I was about to post a question regarding this same topic. It's pretty dry here and I'm looking for options to raise the humidity.


----------



## alternativeheat (Dec 12, 2016)

mudeprived said:


> I was about to post a question regarding this same topic. It's pretty dry here and I'm looking for options to raise the humidity.


They have some quieter options out these days than my evaporative humidifier. It's fine on low, almost tolerable on medium and way too loud on high. You want your house at least reading 40% RH and 50 is very noticeable ( comfort goes up and static down and all your wood items don't shrink and crack or get loose)). If I run my humidifier on low in the cold of winter I'll hit about 32-35%, medium will get me almost to 40% and high will do the trick eventually. Think gallons of water per day. But even within the brand we bought they are quieter now.

The misting humidifiers mist out into the room with the minerals in the water  and can cause a powdery substance (the minerals) to form on furniture and even walls. The evap ones filter that and well, it's evaporated water anyway, so kind of like distilling. When the water re condenses in the room it's pretty pure. So is the air, because the air is recirculated through the same filters. After some months pass and you change out the filters they are mighty ugly looking. You were destined to breath that crap had it not been filtered out of the air !

i use a water conditioner, it keeps the filter from forming mildew and such. It's inexpensive, (I put one cap full in each tank of water when I fill them ( my humidifier has two water tanks in it). I buy it in a bottle at the local Sears Appliance store we have up the road a ways from here.


----------



## Deromax (Dec 12, 2016)

I use a small warm mist unit, it's basicaly a miniature boiler.  It will vaporize 1 gallon per day at the lowest setting.

50% rh in winter is pretty high, my windows will show signs of condensation at anything over 40% rh.


----------



## mudeprived (Dec 18, 2016)

alternativeheat said:


> They have some quieter options out these days than my evaporative humidifier. It's fine on low, almost tolerable on medium and way too loud on high. You want your house at least reading 40% RH and 50 is very noticeable ( comfort goes up and static down and all your wood items don't shrink and crack or get loose)). If I run my humidifier on low in the cold of winter I'll hit about 32-35%, medium will get me almost to 40% and high will do the trick eventually. Think gallons of water per day.
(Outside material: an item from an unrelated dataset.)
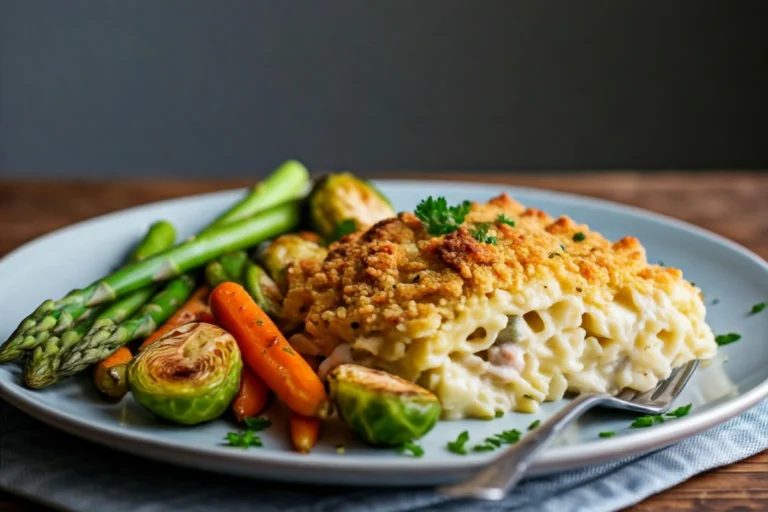 Chicken tetrazzini with roasted vegetables on a dinner plate.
But even within the brand we bought they are quieter now.
> 
> The misting humidifiers mist out into the room with the minerals in the water  and can cause a powdery substance (the minerals) to form on furniture and even walls. The evap ones filter that and well, it's evaporated water anyway, so kind of like distilling. When the water re condenses in the room it's pretty pure. So is the air, because the air is recirculated through the same filters. After some months pass and you change out the filters they are mighty ugly looking. You were destined to breath that crap had it not been filtered out of the air !
> 
> i use a water conditioner, it keeps the filter from forming mildew and such. It's inexpensive, (I put one cap full in each tank of water when I fill them ( my humidifier has two water tanks in it). I buy it in a bottle at the local Sears Appliance store we have up the road a ways from here.



Thanks for that info!

What you think of this?

https://www.amazon.com/dp/B00O0WOO74/?tag=hearthamazon-20

My humidity is level is between 20% and 34%. Static is complete hell as my shorts and pants feel like yoga pants. My eyes are itchy as is my skin and my cat is a bed vibrator scratching all night long.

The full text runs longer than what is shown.